Jobseekers need better support

October 25 2005 - A new report from the Brotherhood of St Laurence, Melbourne Citymission and Hanover Welfare Services concludes that Australia's most disadvantaged job seekers are being given a raw deal under the Federal Government's Personal Support Programme (PSP).

The report highlights the high level of disadvantage experienced by PSP participants:

  • 50% have been homeless in the past 5 years
  • 70% have year 11 or less as their highest level of education
  • 78% suffer from some type of mental health problem
  • their average length of unemployment (before entering PSP) is two and a half years
  • they are five times as likely as the general population to live alone

According to the report's author, Daniel Perkins from the Brotherhood of St Laurence, 70% of participants would like to be working or studying, but low PSP funding, poor availability of free or low cost services and long waiting lists severely limit PSP's ability to connect people to required support services.

"PSP is crucial as a program helping the most disadvantaged job seekers to address severe personal barriers," said Daniel Perkins.

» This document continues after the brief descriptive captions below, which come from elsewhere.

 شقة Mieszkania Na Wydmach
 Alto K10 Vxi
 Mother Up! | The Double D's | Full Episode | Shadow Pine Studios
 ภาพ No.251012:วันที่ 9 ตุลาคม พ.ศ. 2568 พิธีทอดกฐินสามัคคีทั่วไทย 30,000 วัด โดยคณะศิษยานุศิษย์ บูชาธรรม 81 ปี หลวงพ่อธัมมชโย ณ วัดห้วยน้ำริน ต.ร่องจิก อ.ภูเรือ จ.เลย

"But lack of resources means PSP clients, many of whom have experienced recent homelessness and suffer from some type of mental illness, have less access to services and support than other job seekers.

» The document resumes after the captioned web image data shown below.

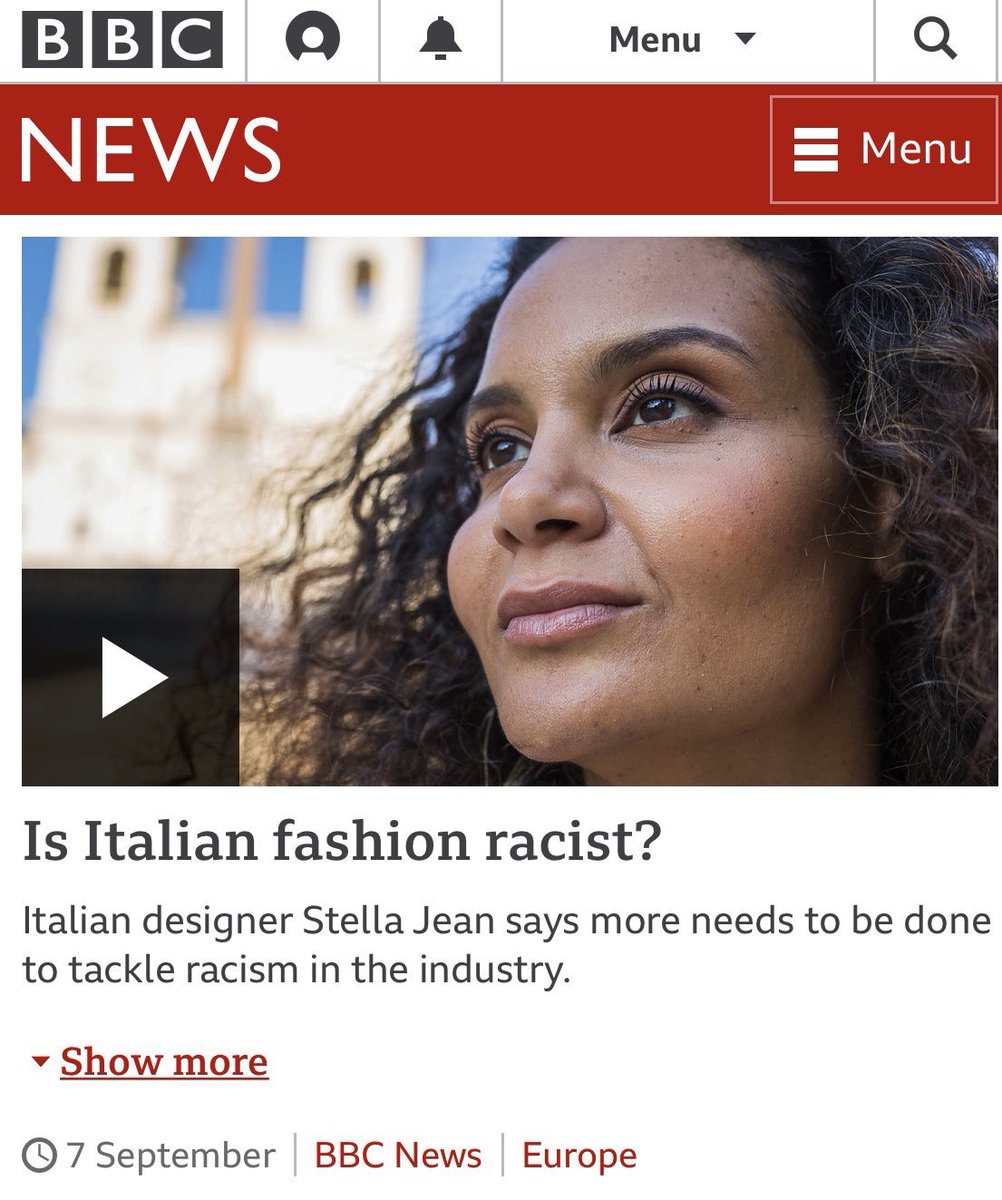 THINGS THAT ARE RACIST(part 29)• Italian fashion • Image-cropping algorithms • Free speech • Uncles
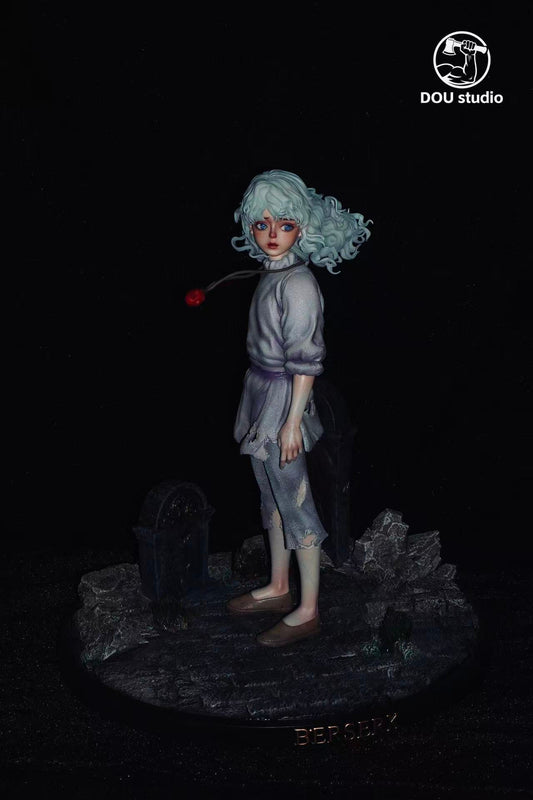 [Pre-Order] DOU Studio - Statue - Childhood Series #01 Childhood Griffith Berserk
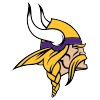Minnesota Vikings Youth Jersey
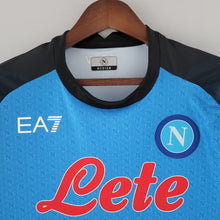 Maillot Domicile 22/23 Naples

"PSP agencies told us they are able to allocate a maximum of $120 per client each year to pay for help such as counselling and training, which these people desperately need.

"In comparison Job Network providers receive $1350 for additional services per disadvantaged client, despite this group having less severe barriers to finding work.

"PSP case managers can identify people's needs but limited funding means they have difficulties providing the required assistance in 90 per cent of cases.

"This harshly limits people's opportunity to deal with problems and gain skills which would help them move into education and employment."

Daniel Perkins said that the recent small increase from the Federal Government in PSP funding was unlikely to make a significant difference, given that most providers are currently running the programme at a deficit and/or cross-subsidising it from other programmes.

"PSP clients deserve better assistance than this. We should be investing in them, supporting them, giving them work experience and access to accredited training," Mr Perkins said.